Alamgir spoke of being intimately involved with all types of silk artisans and sharing their lives, joys and pains over the past couple of decades. Many of these artisans have since become part of the gradual but en masse exodus from the industry. Yet, many faithful and passionate people linger on.
"The first design centre we started was just a room in our home. The very artisans we began the Design Lab with, are still with us," he says with pride, and a touch of melancholy.
Bengal was known for producing at least three variations of silk - mulberry silk, endi silk, and tassar silk but almost the entirety of the industry is on the verge of disappearing from Bangladesh.
The weight of the silk garment decides its level of fineness; the finer the thread and higher the count, the more opulent the silk. What we know as modern Muslin, is in fact pure silk too, in a different weave and with a stronger yarn, and is thus hardier than soft silk.

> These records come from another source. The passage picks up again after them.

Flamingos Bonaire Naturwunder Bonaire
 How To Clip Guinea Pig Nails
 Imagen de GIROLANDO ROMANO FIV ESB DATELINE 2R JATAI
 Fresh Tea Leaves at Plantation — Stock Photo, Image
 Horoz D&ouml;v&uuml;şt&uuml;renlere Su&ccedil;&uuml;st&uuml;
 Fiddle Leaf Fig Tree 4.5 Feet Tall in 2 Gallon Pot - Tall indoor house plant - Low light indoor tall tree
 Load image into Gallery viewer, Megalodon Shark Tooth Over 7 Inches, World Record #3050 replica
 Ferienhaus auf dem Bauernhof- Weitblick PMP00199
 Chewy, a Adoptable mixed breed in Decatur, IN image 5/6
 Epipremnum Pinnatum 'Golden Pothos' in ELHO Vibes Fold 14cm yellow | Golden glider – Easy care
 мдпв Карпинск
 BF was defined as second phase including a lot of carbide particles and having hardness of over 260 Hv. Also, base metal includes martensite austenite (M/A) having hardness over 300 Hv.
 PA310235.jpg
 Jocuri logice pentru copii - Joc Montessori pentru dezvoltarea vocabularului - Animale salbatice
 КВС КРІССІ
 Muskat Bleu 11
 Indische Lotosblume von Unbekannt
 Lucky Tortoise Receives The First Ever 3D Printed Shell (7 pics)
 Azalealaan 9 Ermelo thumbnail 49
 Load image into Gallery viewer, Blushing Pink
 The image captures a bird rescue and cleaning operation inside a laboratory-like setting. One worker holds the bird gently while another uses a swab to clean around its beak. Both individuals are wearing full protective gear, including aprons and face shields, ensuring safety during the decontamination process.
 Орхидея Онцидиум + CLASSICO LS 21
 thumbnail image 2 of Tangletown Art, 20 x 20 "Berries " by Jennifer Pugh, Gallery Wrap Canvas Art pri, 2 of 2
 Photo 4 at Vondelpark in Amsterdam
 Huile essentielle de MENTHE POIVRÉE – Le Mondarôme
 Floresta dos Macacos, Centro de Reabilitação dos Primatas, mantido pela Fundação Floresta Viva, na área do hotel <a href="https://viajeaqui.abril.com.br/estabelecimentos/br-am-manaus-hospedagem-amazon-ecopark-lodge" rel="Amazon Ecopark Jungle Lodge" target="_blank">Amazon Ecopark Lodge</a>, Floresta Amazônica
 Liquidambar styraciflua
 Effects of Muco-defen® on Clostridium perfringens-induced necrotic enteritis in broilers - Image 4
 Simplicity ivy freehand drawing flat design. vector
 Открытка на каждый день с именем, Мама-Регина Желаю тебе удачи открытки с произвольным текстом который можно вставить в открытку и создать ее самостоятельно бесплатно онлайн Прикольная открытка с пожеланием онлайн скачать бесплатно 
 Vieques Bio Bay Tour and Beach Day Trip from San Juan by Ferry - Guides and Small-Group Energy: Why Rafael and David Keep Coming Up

Most local silk producers are now fully dependent on imported yarn, as the demand far outstrips local production.
"More than 75 percent of the silk yarn now has to be imported," Almagir says, and it costs about Tk 6,000 per kg. This has made local silk much more expensive compared to its foreign competitors, as most other producers like India, China and others utilise homegrown silk, much less expensive locally.
Moreover, the inherent barriers to entry and operation to the industry that is silk are quite enormous, and are made severe from the lack of a supportive infrastructure and policies.
"The younger generation is not interested in the industry for all the related complications," Alamgir says. And it is not only the ecosystem, but the production process itself that is rigorous, and takes deep dedication to minute details, and also remains vulnerable to the vagaries of nature.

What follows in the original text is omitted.